While after the book was published, the court-martial records were transferred from a closet to the National Archives, it still appears that one needs a special permission to actually visit the section at the Oise-Aisne American Cemetery and Memorial outside Seringes-et-Nesles, France. If you visited there, and were given permission to see the special field where these men are buried, please email me with that information, and I shall include that.

My discovery, however, of what really happened in those significant events pales in comparison to The Man Who Killed Kennedy: The Case Against LBJ, by Roger Stone. Now, let us address the obvious: if you do not like Roger Stone, you may use that bias to disbelieve anything and everything he writes or says. That would be unfortunate for you.

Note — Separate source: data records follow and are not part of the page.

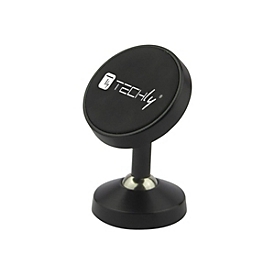 Techly Magnetische Halterung für Handy, Tablet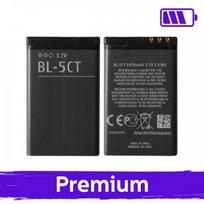 Baterija Suderinamas su Nokia BL-5CT (OEM)
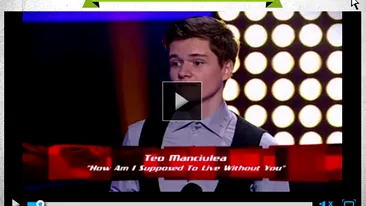 Juratii de la Vocea Romaniei s-au certat crunt pe el! Vezi cine e concurentul care a starnit replici acide intre Loredana si Brenciu!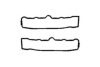 BGA RK6379 Gasket Set, cylinder head cover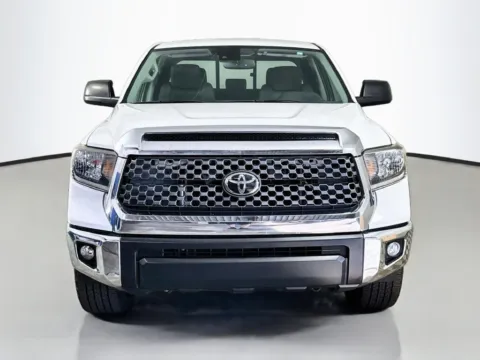 Photos of 2021 Toyota Tundra SR5 for sale in Fort Myers, FL at CarLink Fort Myers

I believe that Stone would never claim to be a professional author, even though he has written six other books, writing has not been his life’s primary work; to make sure he obtained the correct flow, sequencing, level of support documentation and so forth, he enlisted Mike Colapietro, who not only is an excellent writer, but also had practical law enforcement, serving in the Office of the Chief of Staff at the Broward Sheriff’s Office in Fort Lauderdale, Florida.

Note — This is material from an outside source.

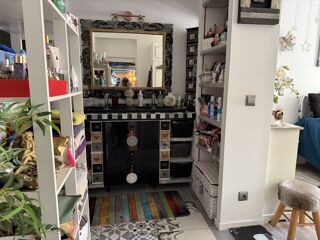  Appartement � vendre 8 pi�ces 285 m�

Meanwhile Stone, the consummate political insider, talked to numerous government officials during his career beginning in 1972. Fascinated by the assassination – as were a lot of people our age (Roger is 70; I am 71 and np, I have never communicated with him) since about 1972, he would always ask guys about it, as he did favors for them, including some really high guys. One “suggested” he not put anything in writing until the 50th anniversary, 2013, when all the folks talking would be dead by then!!!

Stone and Colapietro began this story with a time-tested truism for a murder investigator’s first question, cui bono (who benefits)? In most cases, that may come to be a life insurance policy with the killer is the beneficiary, or killing a spouse to avoid alimony payments, or the killing of a witness by a defendant in another criminal case so that person cannot testify against the perpetrator.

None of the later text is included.